Derrick was a mathematician of wide and formidable ability. He began his career as an applied mathematician, working in fluid mechanics; two of the papers he wrote in this phase of his career were widely cited, one being regarded as a classic. He never lost the mastery of classical analysis and the tenacity and skill in manipulation of special functions that he had deployed so effectively in this early work, and he was often consulted by colleagues still in this field when they were faced with difficulties. In the early seventies he turned to research in combinatorics, and it is in this field that the bulk of his published work lies. As his work in combinatorics built up, it gained him a considerable reputation. As befits the generalist he was, he was a Fellow of the Institute of Mathematics and its Applications.
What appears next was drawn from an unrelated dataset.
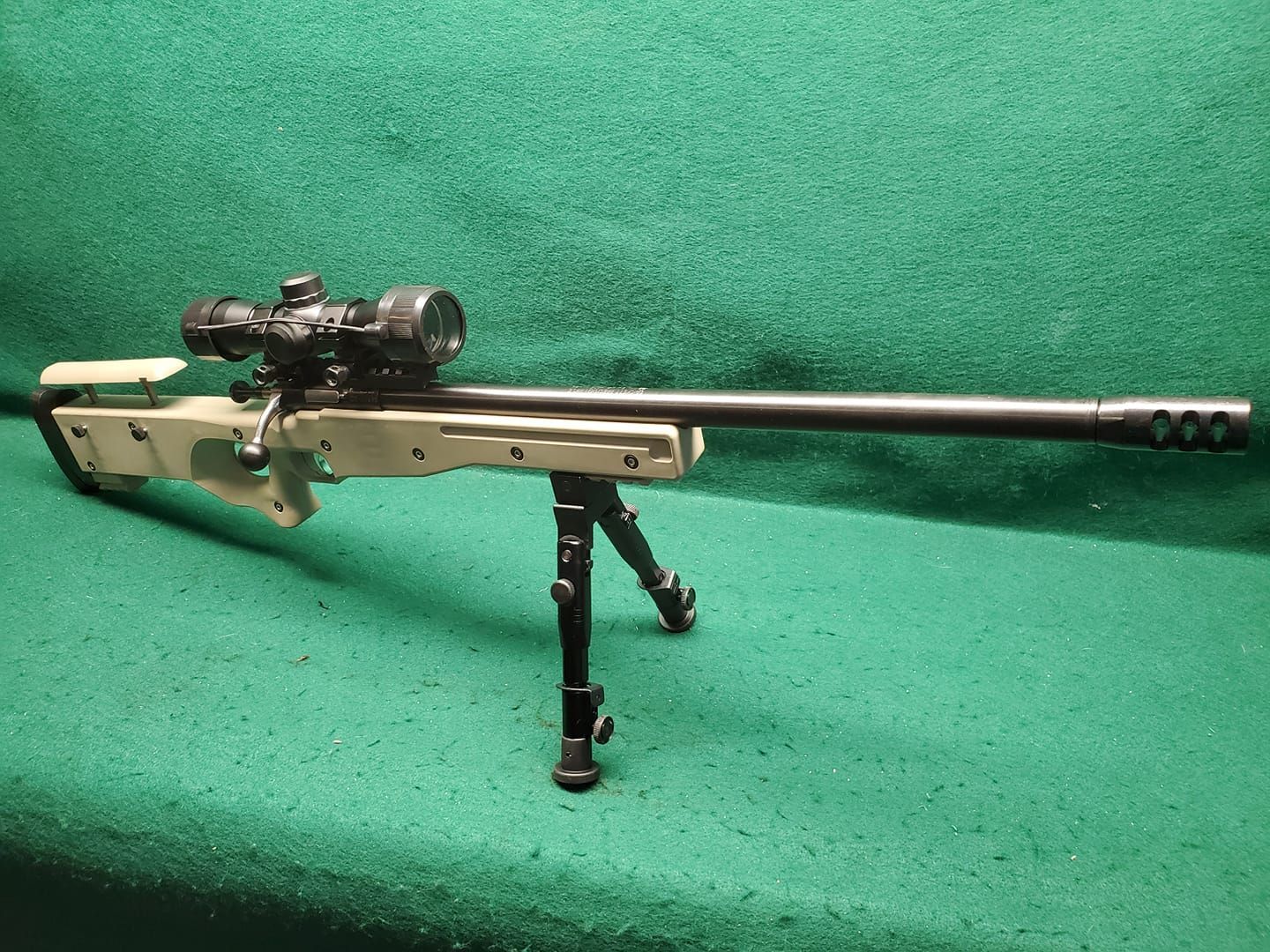 Tan and black sniper rifle with a scope, mounted on a bipod, against a green background.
On the specialist side, he was a Council Member of the Institute of Combinatorics and its Applications, a member of the Editorial Board of the Australasian Journal of Combinatorics, and a member of the Combinatorial Mathematics Society of Australasia. His department benefitted from his standing in the field, and his capacity to collaborate and make friends, through the frequent visits paid him by other mathematicians working in combinatorics, in particular Anne Street, from Queensland, and Curt Lindner, from Auburn.
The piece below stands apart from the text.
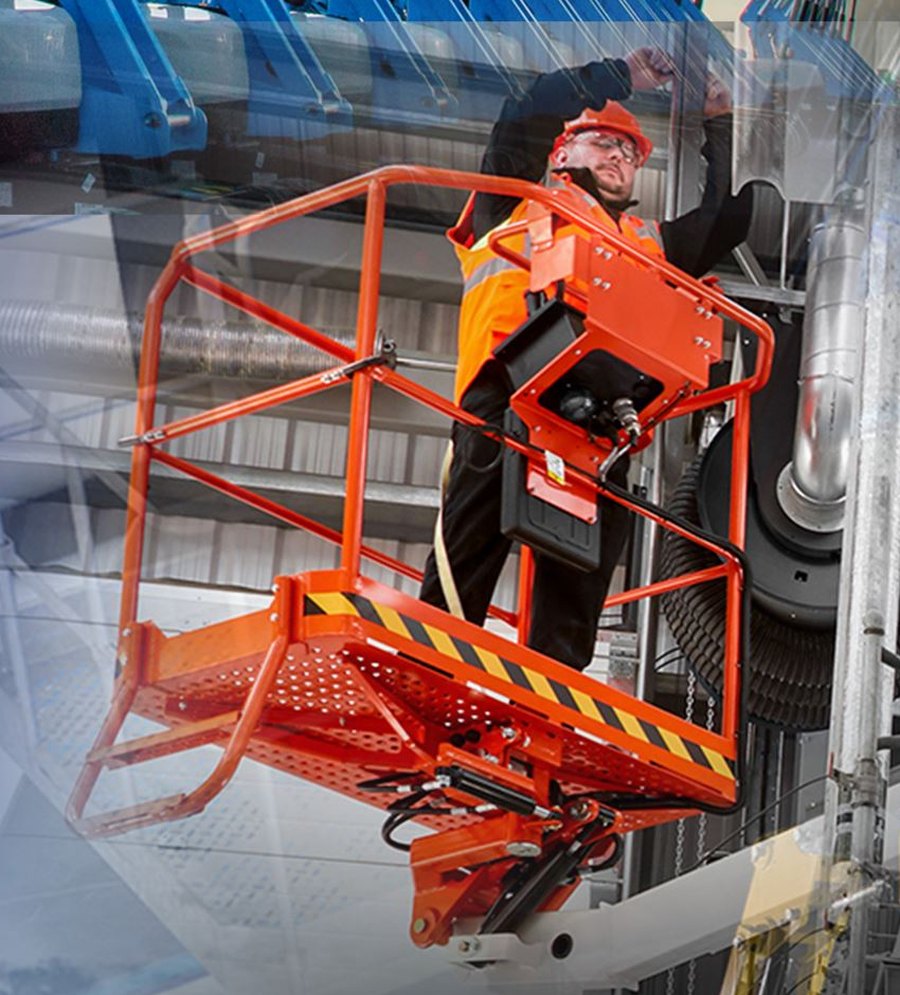 Operador con casco en la cesta de una plataforma elevadora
Beyond research, Derrick served his department and subject well. He could, and did, teach a wide range of courses well at any level, and because of his seniority, breadth of knowledge and Olympian impartiality, he was almost inevitably coopted onto departmental committees concerned with appointments and promotions. He was an active member of the New Zealand Mathematical Society, and served on its committee as Secretary from 1986 to 1988.

Outside mathematics, Derrick's breadth of interests was legendary. He was passionately interested in language and words. While on the one hand, his minutes for the NZMS, and more particularly the minutes he took (voluntarily) for departmental meetings, were plain, accurate and succinct (although lightened by occasional waspish touches worth of Jane Austen), he had a love of the outlandish and obscure. He was proud owner of a first edition of the OED, all eleven volumes, and this possession he used to good effect in setting, under the pseudonym "Matt Varnish", the cryptic crosswords which appeared in every issue of the NZMS Newsletter from August 1980. Success in solving these demanded not just a well-stocked onamastichon, however; the solver also needed what the setter possessed; a broad and miscellaneous knowledge of mathematics and mathematicians, literature, and of general and curious facts. Derrick routinely solved the Press cryptic crossword in the tea-room every morning; this might take him as long as five minutes, during which he did not encourage conversation.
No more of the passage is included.